Drew: I find the diagram fascinating because it highlights every theorist in safety. Rasmussen is no exception to this. They pick and choose from other fields what they're going to bring in. Rasmussen has, on this diagram, showed that naturalistic decision making is the epitome or the very latest in decision research, which I think lots of other people in decision research would strongly question. There are lots of competing ideas that are still alive and well, and developing.

Then in management theories, he goes straight into Wyck and learning organizations and says, anything else is just like scientific management and Taylorism. No, there are lots of other management science out there that's not Taylorist, but it's still not Wyck. In occupational safety, he's got risk homeostasis as his pinnacle of the field, which is a bit of a shortfall in the critical thinking there.

David: I don't know what the human sciences literature landscape looked like in the early 90s. I do think the idea of safety as a transdisciplinary science and needing to have descriptive models in terms of how real organizations work is pretty consistent with what we spoke about in our manifesto for reality-based safety science, which we spoke about in episode 20, I think. I think he's saying, give us some models that reflect the real world, understand social theory, human sciences trends. But again, it served the purpose of his arguments quite well.

Drew: Yes. I would agree with the bit that I would put as a takeaway for our listeners, particularly listeners who are doing PhDs or things like that, is this is a constant project. Twenty-five years ago, Rasmussen went out to these other fields and said, this is where the other fields are at the moment and this is what our safety and my ideas are consistent with them. But someone doing the same work today needs to go back out to all of those same fields, not to say, okay, these are the ones that Rasmussen brought in.

That's what we found. These single authors from other fields get quoted again and again in safety far more than they are within their own fields, because someone like Rasmussen happened to read them, was a big fan, and brought them in. The rest of us need to do our homework as well.

David: Great point. All right, practical takeaways. I’m going to start. This paper is nearly 25 years old. There are some fairly clear explanations and logic laid out about adjustments that should be made in our pursuit of safety that I'm not sure have found their way entirely into industry and organizations yet, so drawing on these insights across other disciplines as well. This is well worth a read and in reflection. 

For those who spend a lot of time with some contemporary safety theories, you'll see a lot of the parallels. You just might find some new ways of framing some of those ideas in ways that help.

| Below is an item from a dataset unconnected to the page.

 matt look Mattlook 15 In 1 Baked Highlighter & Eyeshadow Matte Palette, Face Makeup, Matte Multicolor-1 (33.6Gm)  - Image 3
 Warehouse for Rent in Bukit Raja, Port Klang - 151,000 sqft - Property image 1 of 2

Drew: I think there are a couple of places where they can definitely help us directly. Obviously, given that he's talking about accident models, one of the big things in our investigations is recognize that it's not helpful either to get hung up on individual things that happened at the particular time and place of the accident, or to get hung up on just broad brush statements like there was pressure, but to look for, what are the particular pressures that are in placed across our organization? What are the mechanisms that are helping people adapt to those locally? And how can we improve that dynamic management given that the pressure is inevitable, the mistakes are inevitable? That's the world we live in. Not much in pointing that out in the accident report. Instead, look at you. How do we cope with being in that world?

David: This idea of context driving behavior or what Rasmussen said, here is behavior-shaping factors. When we're talking about a lot with human organizational performance, we think about it in terms of just incident reports, so just understanding that if we should ask the question of what failed, not who failed, but this idea of behavior-shaping factors is really important to think about in how we understand everyday work, looking at different everyday works situations, looking for the presence or the absence of different behavior-shaping factors, pushing away from safety, pushing towards safety. I think you could do a lot with what Rasmussen lays out in this paper, and how you actually go and explore normal work in your organization to try to understand what those value structures, constraints, and conditions are in the type of work that you do.

Drew: I just want to throw in a couple of practical examples here. I'm sure you can give even better examples than I can. It's very tempting when you hear things like this to just to fall into defaults and think about your culture, local leadership, time pressures and things like that. But there was just really straightforward environments that change the risk of work up and down.

We can look at (for example) how much work are we doing at night. Is that changing? Are we doing more work at night than we used to? How much of our maintenance are we doing in the field versus in the garage? The changes in the ratios of those things are changes in the boundaries and the pressures that we're facing. How much extra discretionary time do people have?

Do they have enough discretionary time that they're doing the things that they adjust their own work to just keep within that managing the boundaries? Or are they so much focused on getting the basic stuff done, that they never have time to be conscious of the boundaries of doing things in their own workplace that help them step back?

David: Yeah. I think there's an infinite number of potential behavior-shaping factors that are increasing and decreasing risk, other factors in the business that are pushing more for efficiency, and counter pressures pushing back for safety. It's why this idea of just, if you're a safety professional, how much time are you spending understanding all of these ins and outs, nuances of work, and people's experience of work, It's not for an outsider to decide how these factors shape behavior. You actually need to find out from the insiders inside the system whose behavior you're interested in the things that are shaping their behavior.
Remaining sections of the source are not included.